— ACTIVITY —
Below are records; print only the lines from the line containing "Londoni metrótérkép, ami" to the end, both included, reproduced exactly and without the pictures.

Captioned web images
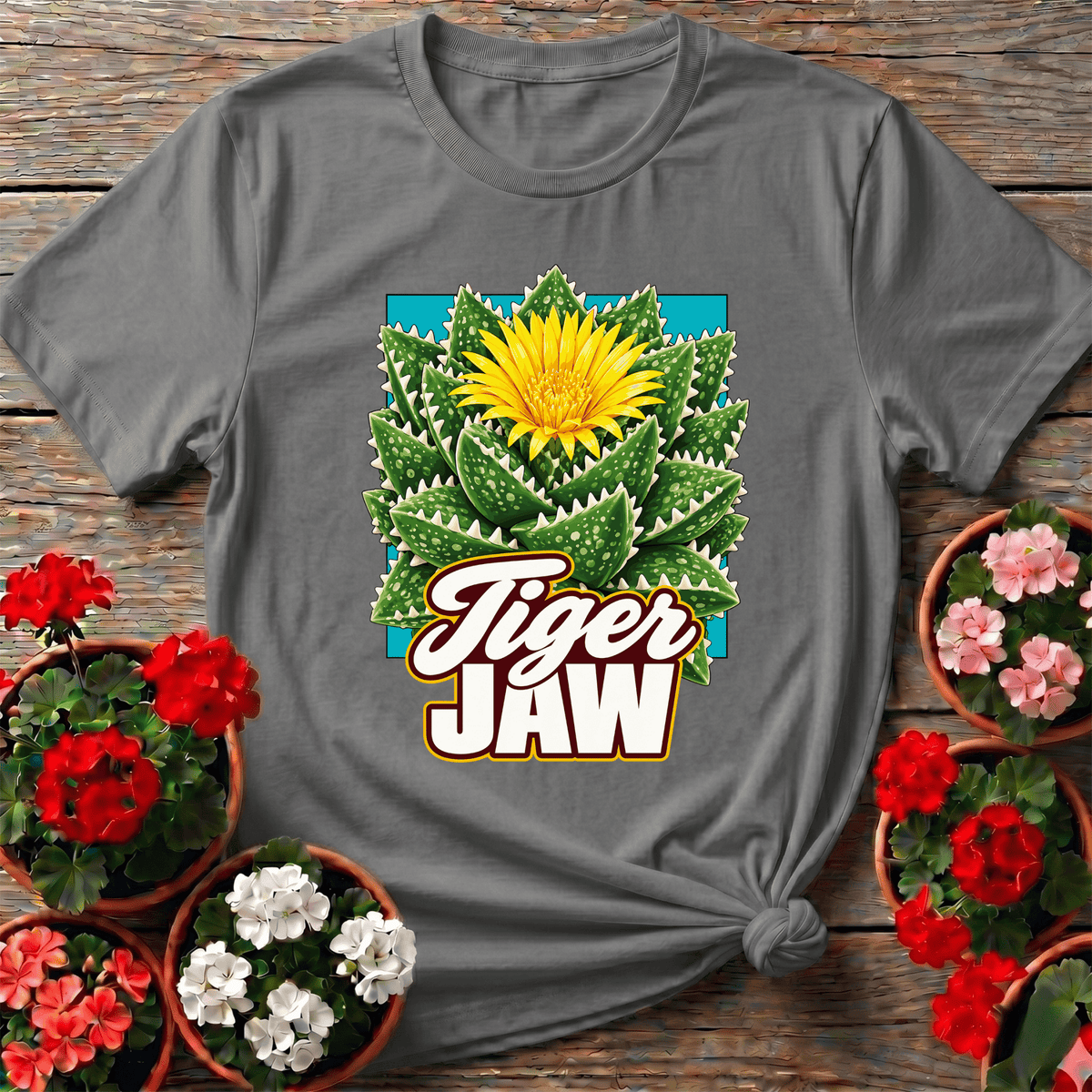 Tiger Jaw Succulent Flowering Cactus Gardening T-Shirt - GardeningTshirts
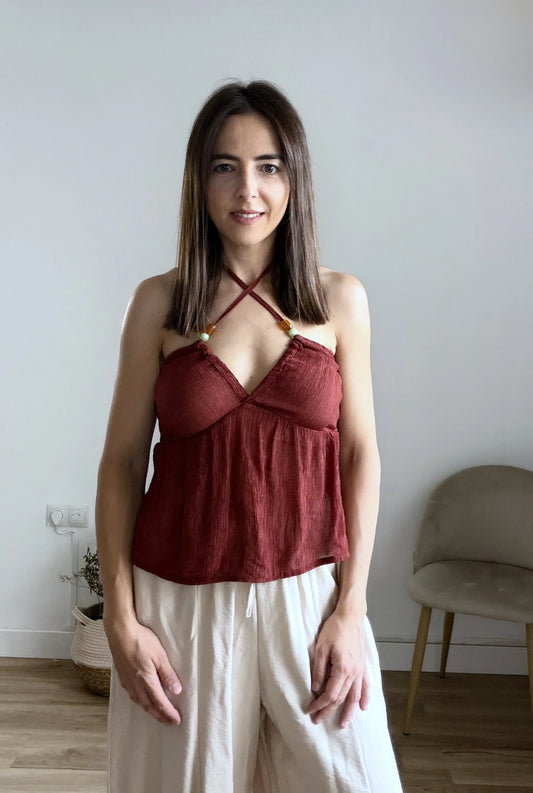 Top textura brick red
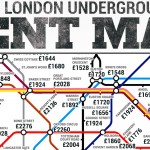 Londoni metrótérkép, ami megmutatja az albérletek árát a megállók körül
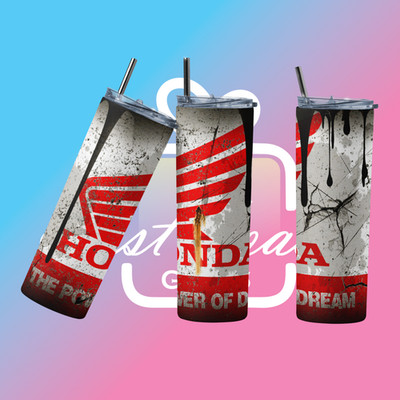 Custom Honda Wings 20oz Becher Reise Kaffeebecher Strohhalm LKW Auto Enthusiasten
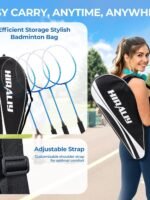 HIRALIY Badminton Rackets Set for Backyards, Badminton Set, Includ 2/4 Rackets, 6/12 Birdies, 1 Carrying Bag, Outdoor Game for Adult Family Beginner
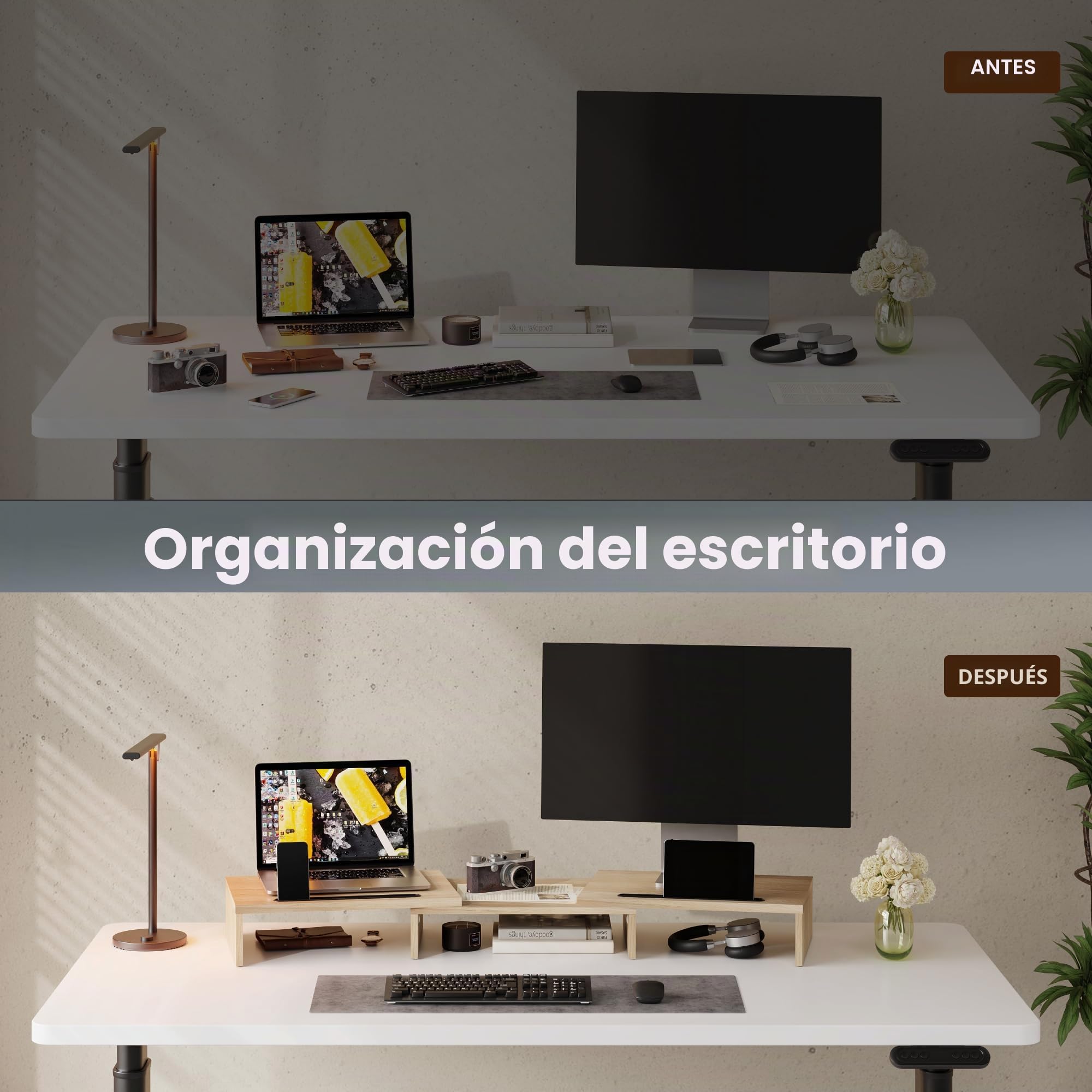 FITUEYES Soporte Monitor Elevador Monitor de Madera con 2 Soporte para Teléfono, Longitud y Ángulos Ajustables para 2 Monitores 79-111,2 x 27 x 10,5cm (Amarillo) DT111106WO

— YOUR SOLUTION —
 Londoni metrótérkép, ami megmutatja az albérletek árát a megállók körül
 Custom Honda Wings 20oz Becher Reise Kaffeebecher Strohhalm LKW Auto Enthusiasten
 HIRALIY Badminton Rackets Set for Backyards, Badminton Set, Includ 2/4 Rackets, 6/12 Birdies, 1 Carrying Bag, Outdoor Game for Adult Family Beginner
 FITUEYES Soporte Monitor Elevador Monitor de Madera con 2 Soporte para Teléfono, Longitud y Ángulos Ajustables para 2 Monitores 79-111,2 x 27 x 10,5cm (Amarillo) DT111106WO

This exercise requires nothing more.